The voters have already begun making their decisions on who ultimately will help build the blueprint for Bryan's future. Incumbent Jason Bienski and former City Councilman Mike Southerland sit down with News 3 to elaborate on their future plans for the City of Bryan, if elected and how it would improve the lives of residents.
Incumbent Jason Bienski and former City Councilman Mike Southerland both agree growth in the City of Bryan brings forth many positive opportunities for residents; however, their strategy in how to attract new residents to the area is where the two partly disagree.

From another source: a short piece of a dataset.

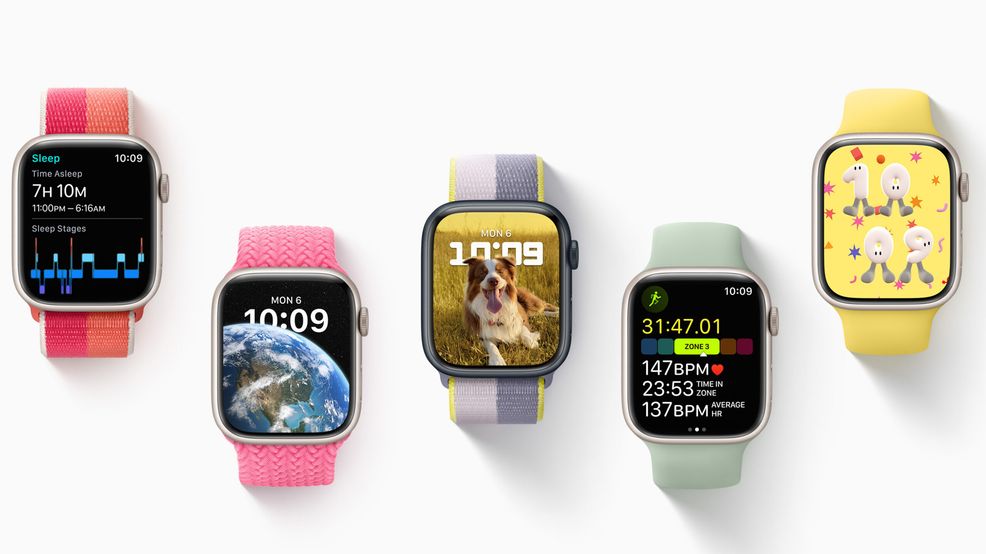 Apple adds new Watch Faces, sleep monitoring and medication tracking to WatchOS 9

Bienski and Southerland both side with the idea that the City's aging infrastructure must be addressed, especially sidewalks that cross school routes. Although it's something Bienski says is being worked on right now, both said it will remain an ongoing project.
Southerland said one thing in particular will attract new residents.

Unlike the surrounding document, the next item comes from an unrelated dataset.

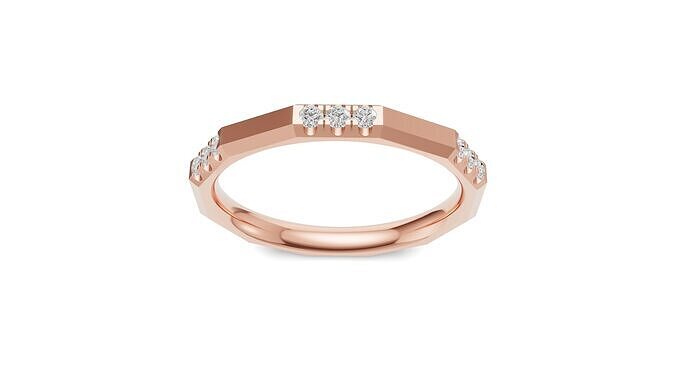 Geometric Diamond Band Uniq 3D print model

"There are not enough parks," said Southerland. People have to use there's a field people go to in the county to play soccer there just isn't enough space for them."
Bienski said although he does agree that parks and amenities are an important factor in attracting new residents, he said it's merely a piece of an entire equation.
"You grow and expand your businesses here in town, you expand your tax base you bring new businesses in town, retail establishments come to town, then you have new rooftops that come to town," explained Bienski.
When it comes to economic growth, Bienski said he wants to focus on encouraging developers to build more homes ranging in the $200,000 to $400,000 value range.
Instead of focusing on incentives, Southerland said we should learn from College Station's success. He said he hopes it'll bridge the gap between the starter and higher end homes in Bryan, providing residents more options in all walks of life.
Southerland said when it comes to economic success; we should look to our neighbors in College Station.
"We have to do a similar thing here and it's not just paying Wal-Mart of somebody else to come in to our town; it's by luring the public to build their houses here."
Southerland also said if elected, he will hold meetings every quarter open for all residents.
Southerland served on City Council for six and a half years; Bienski served on the council for five years; the last three years as Mayor.